このスクリーニング方法の1つの好ましい態様は、乳アレルギー予防剤及び/又は治療剤のスクリーニング方法である。また、このスクリーニング方法の別の好ましい態様は、乳アレルギー予防用食品及び/又は治療用食品のスクリーニング方法である。このスクリーニング方法のさらに別の好ましい態様は、乳アレルギーに対する経口免疫寛容を誘導する物質のスクリーニング方法である。

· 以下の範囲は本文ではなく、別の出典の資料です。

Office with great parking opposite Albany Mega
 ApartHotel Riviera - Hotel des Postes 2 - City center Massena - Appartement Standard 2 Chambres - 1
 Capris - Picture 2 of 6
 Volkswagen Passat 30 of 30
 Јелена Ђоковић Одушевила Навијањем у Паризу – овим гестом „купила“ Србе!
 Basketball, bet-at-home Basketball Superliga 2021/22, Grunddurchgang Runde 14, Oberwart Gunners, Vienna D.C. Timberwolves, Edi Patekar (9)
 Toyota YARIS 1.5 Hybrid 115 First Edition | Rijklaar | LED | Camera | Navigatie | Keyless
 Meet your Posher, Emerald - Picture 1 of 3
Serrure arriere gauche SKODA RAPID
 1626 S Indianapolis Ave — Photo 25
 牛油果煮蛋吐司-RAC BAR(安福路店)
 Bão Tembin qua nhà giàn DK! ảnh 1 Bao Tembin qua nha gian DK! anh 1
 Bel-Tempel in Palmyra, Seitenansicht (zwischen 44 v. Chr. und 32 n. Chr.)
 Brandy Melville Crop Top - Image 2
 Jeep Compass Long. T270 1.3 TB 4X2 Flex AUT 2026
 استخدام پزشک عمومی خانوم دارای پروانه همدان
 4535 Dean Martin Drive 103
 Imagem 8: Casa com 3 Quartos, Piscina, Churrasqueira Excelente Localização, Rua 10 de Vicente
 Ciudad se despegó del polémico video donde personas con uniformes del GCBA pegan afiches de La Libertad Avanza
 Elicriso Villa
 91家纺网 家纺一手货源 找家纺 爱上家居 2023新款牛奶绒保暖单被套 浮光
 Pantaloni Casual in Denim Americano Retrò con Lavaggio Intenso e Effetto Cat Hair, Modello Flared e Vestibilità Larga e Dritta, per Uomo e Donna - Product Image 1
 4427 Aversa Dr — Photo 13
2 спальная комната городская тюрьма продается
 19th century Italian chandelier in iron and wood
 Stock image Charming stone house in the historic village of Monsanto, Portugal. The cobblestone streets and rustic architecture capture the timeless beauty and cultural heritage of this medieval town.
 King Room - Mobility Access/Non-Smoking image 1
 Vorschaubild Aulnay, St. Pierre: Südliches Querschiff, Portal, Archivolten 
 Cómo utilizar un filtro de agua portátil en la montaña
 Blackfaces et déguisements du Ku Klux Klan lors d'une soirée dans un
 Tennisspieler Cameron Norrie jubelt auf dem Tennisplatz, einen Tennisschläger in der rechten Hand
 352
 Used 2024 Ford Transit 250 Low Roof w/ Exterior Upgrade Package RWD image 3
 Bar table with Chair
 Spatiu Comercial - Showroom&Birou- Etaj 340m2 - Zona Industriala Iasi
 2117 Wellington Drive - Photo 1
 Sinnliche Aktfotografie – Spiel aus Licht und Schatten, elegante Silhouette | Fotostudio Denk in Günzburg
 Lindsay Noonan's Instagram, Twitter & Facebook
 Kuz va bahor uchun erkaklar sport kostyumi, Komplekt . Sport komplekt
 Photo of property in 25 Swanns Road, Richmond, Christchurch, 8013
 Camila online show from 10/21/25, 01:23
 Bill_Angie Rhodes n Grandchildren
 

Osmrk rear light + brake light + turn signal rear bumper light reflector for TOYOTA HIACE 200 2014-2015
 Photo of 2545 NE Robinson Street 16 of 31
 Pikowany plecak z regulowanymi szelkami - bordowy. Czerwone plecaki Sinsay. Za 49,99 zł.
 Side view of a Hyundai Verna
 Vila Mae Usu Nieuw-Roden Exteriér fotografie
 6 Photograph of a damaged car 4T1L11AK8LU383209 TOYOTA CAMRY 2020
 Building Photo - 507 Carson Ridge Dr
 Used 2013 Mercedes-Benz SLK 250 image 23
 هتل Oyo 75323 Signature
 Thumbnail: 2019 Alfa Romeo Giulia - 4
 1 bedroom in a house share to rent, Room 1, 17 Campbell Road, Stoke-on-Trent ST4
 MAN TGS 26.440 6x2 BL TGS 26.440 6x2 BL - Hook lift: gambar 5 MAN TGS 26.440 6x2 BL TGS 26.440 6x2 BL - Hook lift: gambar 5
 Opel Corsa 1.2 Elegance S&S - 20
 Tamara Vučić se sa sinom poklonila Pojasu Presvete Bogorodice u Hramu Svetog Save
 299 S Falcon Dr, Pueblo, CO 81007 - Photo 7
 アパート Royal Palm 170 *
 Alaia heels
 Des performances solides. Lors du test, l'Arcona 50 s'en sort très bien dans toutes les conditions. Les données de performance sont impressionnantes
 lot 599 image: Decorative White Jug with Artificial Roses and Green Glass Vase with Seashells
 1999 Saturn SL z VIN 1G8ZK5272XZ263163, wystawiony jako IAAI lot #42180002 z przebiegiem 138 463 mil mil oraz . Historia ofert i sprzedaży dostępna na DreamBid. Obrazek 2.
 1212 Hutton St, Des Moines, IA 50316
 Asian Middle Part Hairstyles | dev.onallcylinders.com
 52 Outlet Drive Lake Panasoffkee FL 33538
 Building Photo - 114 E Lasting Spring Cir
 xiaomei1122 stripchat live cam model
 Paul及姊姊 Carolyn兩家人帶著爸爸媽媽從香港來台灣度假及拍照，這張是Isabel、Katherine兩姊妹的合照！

本発明の方法によれば、牛乳アレルギーのモデル動物を効率良く作製することができる。このモデル動物は、アジュバントの共投与を伴わず経口感作によってアレルギーを発現できることから、実際の牛乳アレルギーの病態を良好に再現するものである。また乳タンパク質特異的IgE抗体を含有する生体サンプルの調製方法を用いれば、目的の乳タンパク質特異的IgE抗体を容易に調製することができる。さらに本発明のスクリーニング方法は、牛乳アレルギーの発症機序を良好に再現できるモデル動物を用いることから、アレルギー反応の生起過程に影響を及ぼす物質をうまく取得できるものと思われる。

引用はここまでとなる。